Whenever a line in the data below includes the string "Space", copy it out.

▶ **Excerpts from a dataset**:
========

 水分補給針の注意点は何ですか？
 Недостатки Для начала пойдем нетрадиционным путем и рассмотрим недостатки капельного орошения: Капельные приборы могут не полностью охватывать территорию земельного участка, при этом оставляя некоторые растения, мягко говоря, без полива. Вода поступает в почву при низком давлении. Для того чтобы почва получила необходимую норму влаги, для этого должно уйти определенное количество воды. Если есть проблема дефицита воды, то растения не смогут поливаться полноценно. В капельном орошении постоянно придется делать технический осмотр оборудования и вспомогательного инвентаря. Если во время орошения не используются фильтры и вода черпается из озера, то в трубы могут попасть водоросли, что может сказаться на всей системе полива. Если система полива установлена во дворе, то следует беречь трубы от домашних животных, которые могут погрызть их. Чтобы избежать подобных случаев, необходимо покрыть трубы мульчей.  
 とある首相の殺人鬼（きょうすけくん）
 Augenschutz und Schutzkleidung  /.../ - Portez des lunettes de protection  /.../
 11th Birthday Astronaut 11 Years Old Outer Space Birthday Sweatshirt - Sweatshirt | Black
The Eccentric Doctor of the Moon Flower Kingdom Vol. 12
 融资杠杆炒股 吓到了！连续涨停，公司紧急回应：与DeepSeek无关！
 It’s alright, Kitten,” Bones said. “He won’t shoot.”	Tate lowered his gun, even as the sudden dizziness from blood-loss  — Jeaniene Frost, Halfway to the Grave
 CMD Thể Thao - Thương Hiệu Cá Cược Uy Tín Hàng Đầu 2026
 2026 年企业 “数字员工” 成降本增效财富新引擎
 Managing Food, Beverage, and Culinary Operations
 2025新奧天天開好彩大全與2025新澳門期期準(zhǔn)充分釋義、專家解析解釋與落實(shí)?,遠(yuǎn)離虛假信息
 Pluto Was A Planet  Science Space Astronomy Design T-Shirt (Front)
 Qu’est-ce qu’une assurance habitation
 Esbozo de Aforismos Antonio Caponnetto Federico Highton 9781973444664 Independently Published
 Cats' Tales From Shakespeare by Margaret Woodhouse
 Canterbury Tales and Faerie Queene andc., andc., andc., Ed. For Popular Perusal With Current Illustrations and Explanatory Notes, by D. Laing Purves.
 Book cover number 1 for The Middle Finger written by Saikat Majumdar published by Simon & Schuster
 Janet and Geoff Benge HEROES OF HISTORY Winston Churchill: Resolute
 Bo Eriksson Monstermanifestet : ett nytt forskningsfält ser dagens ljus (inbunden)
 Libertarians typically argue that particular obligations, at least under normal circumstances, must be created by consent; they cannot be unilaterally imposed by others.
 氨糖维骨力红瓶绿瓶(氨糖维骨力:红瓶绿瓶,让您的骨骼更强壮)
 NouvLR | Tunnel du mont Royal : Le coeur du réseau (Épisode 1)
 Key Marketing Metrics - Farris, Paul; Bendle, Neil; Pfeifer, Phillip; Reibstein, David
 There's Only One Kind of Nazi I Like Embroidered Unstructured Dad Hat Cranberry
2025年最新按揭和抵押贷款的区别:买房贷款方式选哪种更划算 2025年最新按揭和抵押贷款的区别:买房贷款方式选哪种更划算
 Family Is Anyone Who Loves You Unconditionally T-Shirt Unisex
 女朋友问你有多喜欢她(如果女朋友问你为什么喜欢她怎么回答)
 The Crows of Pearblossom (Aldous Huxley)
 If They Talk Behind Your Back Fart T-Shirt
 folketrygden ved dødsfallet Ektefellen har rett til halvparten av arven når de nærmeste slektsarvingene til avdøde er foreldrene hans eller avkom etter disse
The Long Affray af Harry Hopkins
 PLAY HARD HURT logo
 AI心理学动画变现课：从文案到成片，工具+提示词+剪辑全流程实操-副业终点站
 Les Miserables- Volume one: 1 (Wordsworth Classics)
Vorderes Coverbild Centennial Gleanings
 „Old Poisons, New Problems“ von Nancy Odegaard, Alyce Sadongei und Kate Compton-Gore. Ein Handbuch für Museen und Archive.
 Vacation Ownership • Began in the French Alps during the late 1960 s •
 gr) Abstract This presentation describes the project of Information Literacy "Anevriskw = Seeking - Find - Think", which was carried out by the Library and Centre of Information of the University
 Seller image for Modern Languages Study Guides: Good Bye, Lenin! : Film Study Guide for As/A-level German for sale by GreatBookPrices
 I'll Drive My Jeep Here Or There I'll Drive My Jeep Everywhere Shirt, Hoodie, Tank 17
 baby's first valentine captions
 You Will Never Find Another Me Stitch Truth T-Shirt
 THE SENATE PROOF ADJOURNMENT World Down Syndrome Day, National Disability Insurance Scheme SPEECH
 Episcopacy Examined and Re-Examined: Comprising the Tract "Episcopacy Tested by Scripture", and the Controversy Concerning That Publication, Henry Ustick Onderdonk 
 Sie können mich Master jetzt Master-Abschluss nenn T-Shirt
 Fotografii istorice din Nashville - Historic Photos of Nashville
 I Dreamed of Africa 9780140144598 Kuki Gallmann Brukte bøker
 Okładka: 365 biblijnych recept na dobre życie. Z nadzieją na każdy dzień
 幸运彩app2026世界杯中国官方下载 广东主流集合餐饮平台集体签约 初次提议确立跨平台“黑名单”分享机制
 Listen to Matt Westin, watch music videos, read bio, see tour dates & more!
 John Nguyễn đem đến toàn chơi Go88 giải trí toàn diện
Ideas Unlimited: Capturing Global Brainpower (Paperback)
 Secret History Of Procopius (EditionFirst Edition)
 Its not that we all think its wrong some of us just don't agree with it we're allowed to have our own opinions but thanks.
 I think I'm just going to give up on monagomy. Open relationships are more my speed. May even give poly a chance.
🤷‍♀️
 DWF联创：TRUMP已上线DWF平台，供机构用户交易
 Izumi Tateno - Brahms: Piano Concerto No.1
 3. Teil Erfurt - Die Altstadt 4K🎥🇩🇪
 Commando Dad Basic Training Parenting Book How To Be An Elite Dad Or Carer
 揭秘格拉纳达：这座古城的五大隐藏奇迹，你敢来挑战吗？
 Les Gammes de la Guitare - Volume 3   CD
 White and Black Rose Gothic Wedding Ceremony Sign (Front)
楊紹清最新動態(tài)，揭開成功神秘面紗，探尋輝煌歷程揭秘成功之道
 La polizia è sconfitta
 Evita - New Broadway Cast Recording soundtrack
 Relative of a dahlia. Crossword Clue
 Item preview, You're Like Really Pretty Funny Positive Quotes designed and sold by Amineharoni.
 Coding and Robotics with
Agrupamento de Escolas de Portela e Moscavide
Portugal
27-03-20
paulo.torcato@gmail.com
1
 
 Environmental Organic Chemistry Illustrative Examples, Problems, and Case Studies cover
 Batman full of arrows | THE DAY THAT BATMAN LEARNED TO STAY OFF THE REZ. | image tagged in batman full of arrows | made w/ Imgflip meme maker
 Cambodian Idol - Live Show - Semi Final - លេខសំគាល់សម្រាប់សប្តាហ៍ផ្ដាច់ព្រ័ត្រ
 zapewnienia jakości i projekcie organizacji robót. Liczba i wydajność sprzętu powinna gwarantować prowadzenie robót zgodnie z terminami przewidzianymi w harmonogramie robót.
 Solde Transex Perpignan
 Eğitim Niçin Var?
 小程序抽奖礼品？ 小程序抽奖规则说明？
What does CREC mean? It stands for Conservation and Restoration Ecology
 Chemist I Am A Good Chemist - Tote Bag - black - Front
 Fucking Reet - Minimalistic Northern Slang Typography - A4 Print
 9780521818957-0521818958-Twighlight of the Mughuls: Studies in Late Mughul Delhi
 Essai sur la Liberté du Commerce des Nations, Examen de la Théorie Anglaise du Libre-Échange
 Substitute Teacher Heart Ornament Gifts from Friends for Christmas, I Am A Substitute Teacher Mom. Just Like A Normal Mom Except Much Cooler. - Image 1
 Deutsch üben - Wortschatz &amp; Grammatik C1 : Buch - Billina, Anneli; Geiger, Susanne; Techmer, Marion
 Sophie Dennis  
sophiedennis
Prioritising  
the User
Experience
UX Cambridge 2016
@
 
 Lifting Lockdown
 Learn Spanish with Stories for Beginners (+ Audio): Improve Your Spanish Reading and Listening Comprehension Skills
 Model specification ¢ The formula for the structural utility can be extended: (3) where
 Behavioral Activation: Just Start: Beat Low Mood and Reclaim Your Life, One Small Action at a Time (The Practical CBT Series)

========

▶ **SOLUTION FOR THIS EXERCISE**:
 11th Birthday Astronaut 11 Years Old Outer Space Birthday Sweatshirt - Sweatshirt | Black
 Pluto Was A Planet  Science Space Astronomy Design T-Shirt (Front)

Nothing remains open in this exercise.